What is expected:
Pictures excluded, copy all of the data below exactly.

(Supplied data)

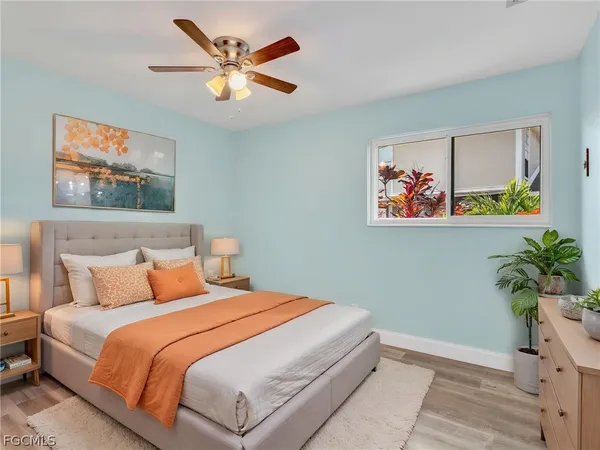 a bedroom with bed and wall painting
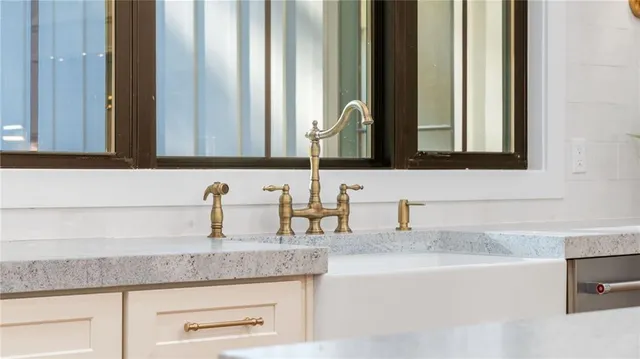 a bathroom with sink and mirror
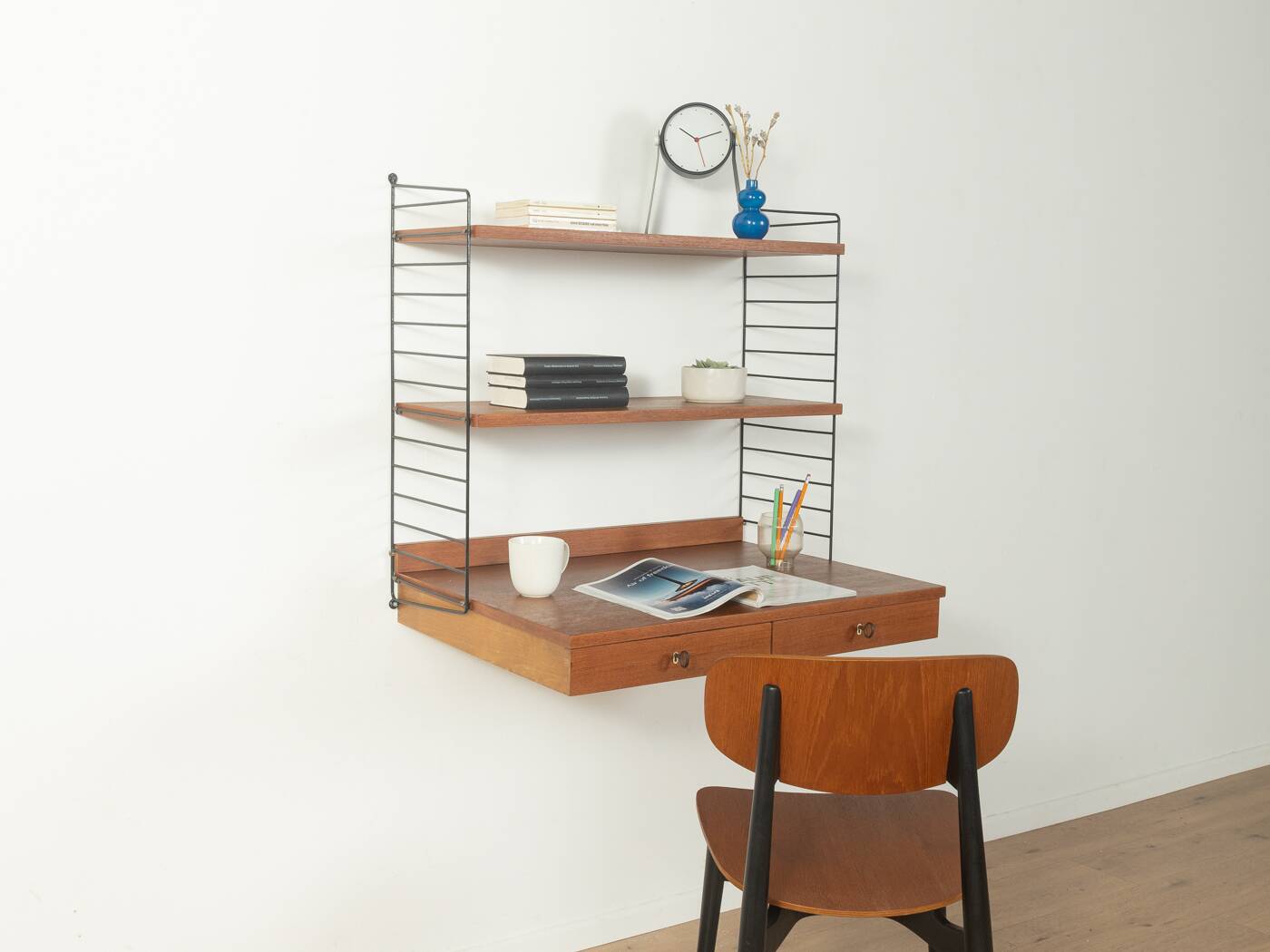 Original String shelf by Nils Strinning in teak veneer, 1949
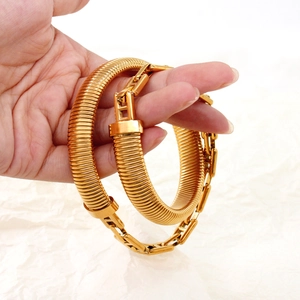 Detailed macro view of wide golden snake bone chain bracelet with polished finish and fold-over clasp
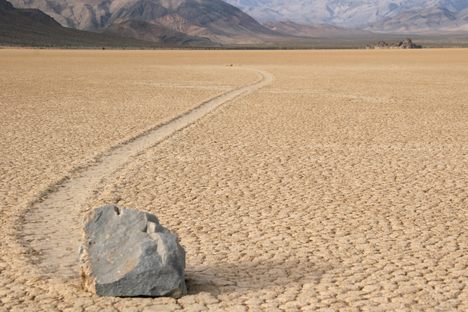 A medium gray rock on the desert floor, with a trail in the dirt behind it showing how the rock has moved.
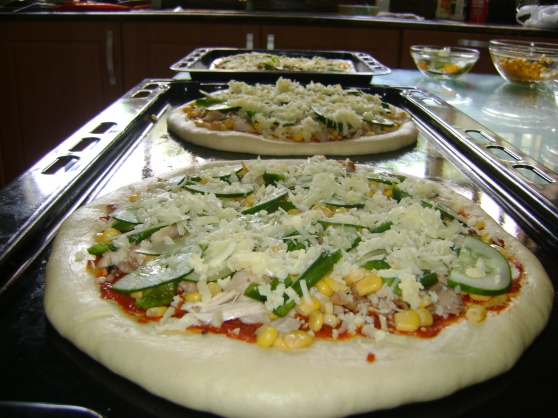 Lastly topping with Mozzarella cheese and assembly of the three pizzas
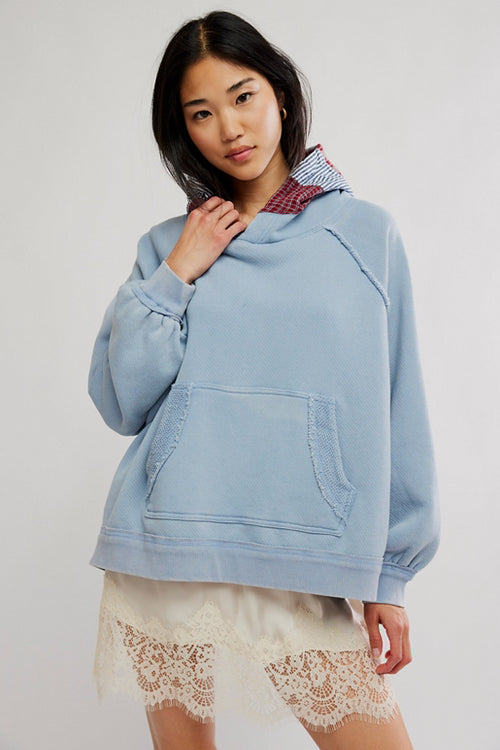 Free People Countryside Hoodie in Autumn Sky on model wearing a lace skirt with white background
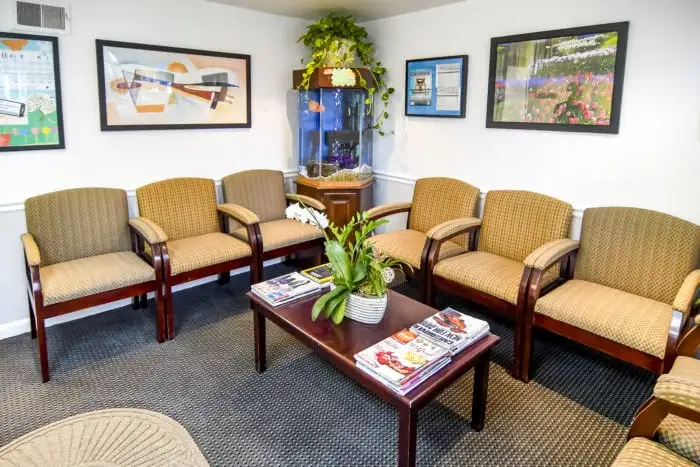 Comfortable waiting room with beige armchairs arranged around a dark wooden coffee table, framed artwork on the walls, and a decorative plant in the corner.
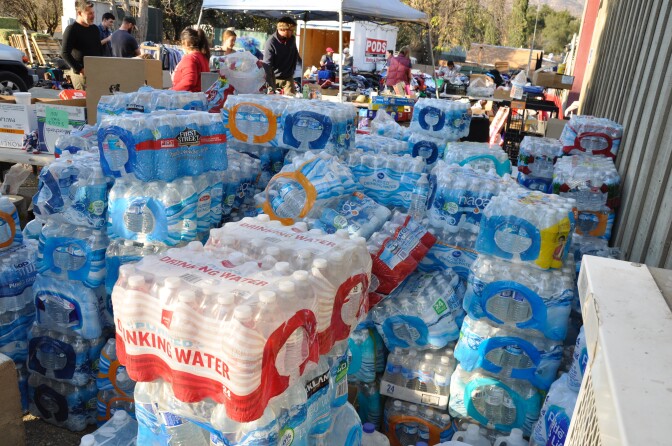 Shoulder-high stacks of bottled water sit outside the Stagecoach Station convenience store in Upper Ojai. The store has become a community hub and host to an ad-hoc relief station neighbors established in the wake of the Thomas Fire.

(End Supplied data)

Output for this task:
 a bedroom with bed and wall painting
 a bathroom with sink and mirror
 Original String shelf by Nils Strinning in teak veneer, 1949
 Detailed macro view of wide golden snake bone chain bracelet with polished finish and fold-over clasp
 A medium gray rock on the desert floor, with a trail in the dirt behind it showing how the rock has moved.
 Lastly topping with Mozzarella cheese and assembly of the three pizzas
 Free People Countryside Hoodie in Autumn Sky on model wearing a lace skirt with white background
 Comfortable waiting room with beige armchairs arranged around a dark wooden coffee table, framed artwork on the walls, and a decorative plant in the corner.
 Shoulder-high stacks of bottled water sit outside the Stagecoach Station convenience store in Upper Ojai. The store has become a community hub and host to an ad-hoc relief station neighbors established in the wake of the Thomas Fire.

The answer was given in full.